Loi d’urgence: les dispositions soumises au Conseil d’Etat pour le stockage d’eau

Dans une version du projet de loi d’urgence, qui révèle une partie du texte, le gouvernement propose plusieurs dispositions visant à sécuriser les projets d’ouvrages de stockage d’eau et les droits de prélèvement.
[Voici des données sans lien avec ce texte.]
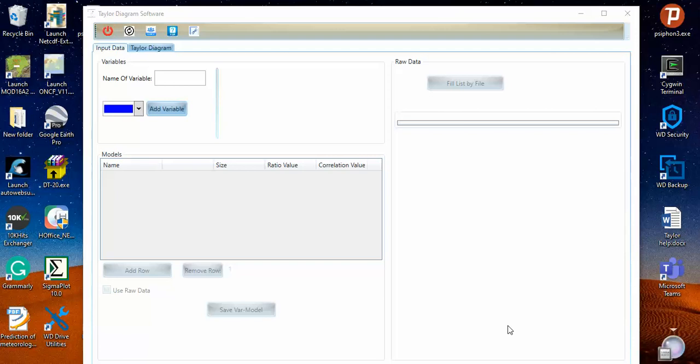It's me Nassim from AgrimetSoft research team. In this video, I want to show you how we can run Taylor Diagram software.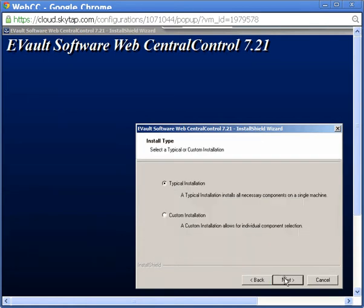You are offered the choice to perform a typical or custom installation. A custom installation, using all of the default selections, offers the same functionality as a typical installation. A typical installation installs all of the WebCC components and services on the same system. A custom installation allows you to install the WebCC components and services on separate systems.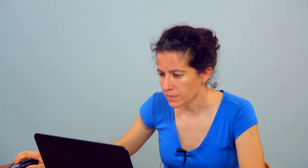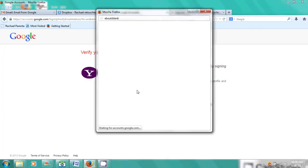You're almost done. Just verify your email by signing in at my Yahoo account. So I would sign in there into Yahoo and then I would just follow the next prompts.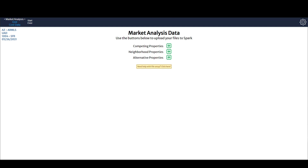Hello, appraisers. This is Brandon with Spark for Appraisers. I wanted to take some time to make a video — which, as you can see, is going to be a long one — to talk about time adjustments: how you can tell if Spark is calculating the information correctly, how you can try and replicate that yourself to verify. The accurate term is market condition adjustments, but I'm just going to say time adjustments because it's easier.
Selon nos confrères, le texte « rend facultative la réunion publique prévue dans le cadre d’une demande d’autorisation environnementale pour les projets d’ouvrages de stockage d’eau et les prélèvements ». Un autre article prévoit que le ministre de l’Environnement puisse, « sur saisine du préfet compétent, autoriser par arrêté ce dernier à déroger aux règles du schéma d’aménagement et de gestion des eaux pour autoriser des projets d’ouvrages de stockage d’eau ». Par ailleurs, en cas d’annulation d’une autorisation de prélèvement par un juge administratif, le préfet « peut autoriser des prélèvements à titre provisoire jusqu’à la délivrance d’une nouvelle autorisation et pour une durée qui ne peut excéder deux ans ». Enfin, un décret en Conseil d’Etat doit encadrer la «prise en compte des projets de stockage d’eau dans les Sage».


Par Agra

Loi d’urgence agricole : les mesures attendues pour le volet foncier

Selon tous les professionnels ayant participé aux dernières consultations autour du futur projet de loi d’urgence, la version envoyée le 9 mars au Conseil d’Etat contiendra bien un volet dédié au foncier. Selon deux d’entre eux, il abordera le phénomène de contournement du marché des mutations de droits de propriété par les baux emphytéotiques, que la FNSafer souhaiterait juguler ; la fédération demande dans un premier temps d’instaurer une obligation de déclaration préalable. Selon un professionnel, le projet de loi pourrait aussi intégrer les mesures contenues dans les propositions de loi de la députée Rouaux sur le démembrement de propriété et du député Dufau sur la préemption partielle. Deux professionnels indiquent que le projet de texte du gouvernement abordera les questions de compensations écologiques et agricole. Dans ses propositions, la FNSEA demande de «systématiser la compensation agricole» et de «limiter l’impact sur l’agriculture de la compensation écologique». Enfin, selon un professionnel, le gouvernement aurait accepté la demande de longue date de la FNSEA d’imposer que les nouvelles zones d’habitation intègrent elles-mêmes des zone de non-traitement (ZNT) aux pesticides, afin que ceux ne s’imposent pas aux terrains agricoles mitoyens.